Q: What do you stress over MOST?
A: I have a growing intolerance for willful ignorance. And I stress more than I should over bad service at restaurants and retail establishments. I — of course — stress over my kids. Am I doing what I should be and all I can do for them? Am I doing too much? Pushing too hard or too little? Should I say yes or no? Are they safe? I stress over my weight. I want to lose weight for ONE reason: to not think anymore about how I look in jeans. Honestly… I just want to stop stressing over what to wear. Unfortunately, it hasn’t been ENOUGH of a motivator to keep me away from the peanut butter. =) I stress over my marriage when things aren’t right in that department. I stress over my dogs if something’s wrong and I don’t know what it is.
Q: What do you MOST enjoy doing when you’re not at work?
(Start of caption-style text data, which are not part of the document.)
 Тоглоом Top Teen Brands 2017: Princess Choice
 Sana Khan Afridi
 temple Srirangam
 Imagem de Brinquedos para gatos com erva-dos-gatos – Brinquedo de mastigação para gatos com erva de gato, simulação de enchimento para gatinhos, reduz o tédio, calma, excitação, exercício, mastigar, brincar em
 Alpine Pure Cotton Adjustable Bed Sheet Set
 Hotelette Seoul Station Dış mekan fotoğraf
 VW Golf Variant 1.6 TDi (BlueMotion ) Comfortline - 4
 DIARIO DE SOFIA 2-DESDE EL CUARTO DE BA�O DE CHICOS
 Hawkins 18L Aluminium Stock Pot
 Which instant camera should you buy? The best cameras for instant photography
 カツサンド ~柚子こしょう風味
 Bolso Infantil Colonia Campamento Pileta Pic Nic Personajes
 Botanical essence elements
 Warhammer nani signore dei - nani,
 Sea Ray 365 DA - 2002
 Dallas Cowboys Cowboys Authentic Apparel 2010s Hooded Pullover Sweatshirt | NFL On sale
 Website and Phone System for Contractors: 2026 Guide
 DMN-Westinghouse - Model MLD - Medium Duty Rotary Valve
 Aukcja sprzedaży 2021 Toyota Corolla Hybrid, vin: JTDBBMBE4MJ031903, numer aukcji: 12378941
A: I LOVE “slow country nights” at home. This morning, my Mister and I walked the garden with our coffee and assessed its progress. Loved every minute of it. I love watching Secrets and Lies with Shelbey and listening to her talk about her days in long-winded detail. I love talking with Summer and her friends and hearing their perspective on life and boys and school and makeup. I love the closeness I have with my CJ and our time in the car together to / from practice. I love that my nephew simply calls me “Aunt” and my heart soars when he texts me and asks to come over to stay the night or the weekend. He knows he doesn’t have to ask, but I love that he still loves being here. I love hearing Kenzy call me “Aunn-ie” and love her snuggle time and listening to her read. I love my bath time, reading, and dreaming about my business. My girls and I have a nightly routine that is just precious to me. I love great restaurants and really love doing my makeup.
Q: What one thing would you change about your business?
A: Years ago, back in about 2000, I saw this website that helped people transition from JOBs to being business owners. It’s still a great site, check it out here. I thought, “MAN, I wish I’d thought of doing something like that.” As if there was room ONLY for 2 sites, I thought I’d missed my big opportunity. =) Essentially, I wish I’d gone big in the direction of my dreams much sooner. Much bigger. Much sooner.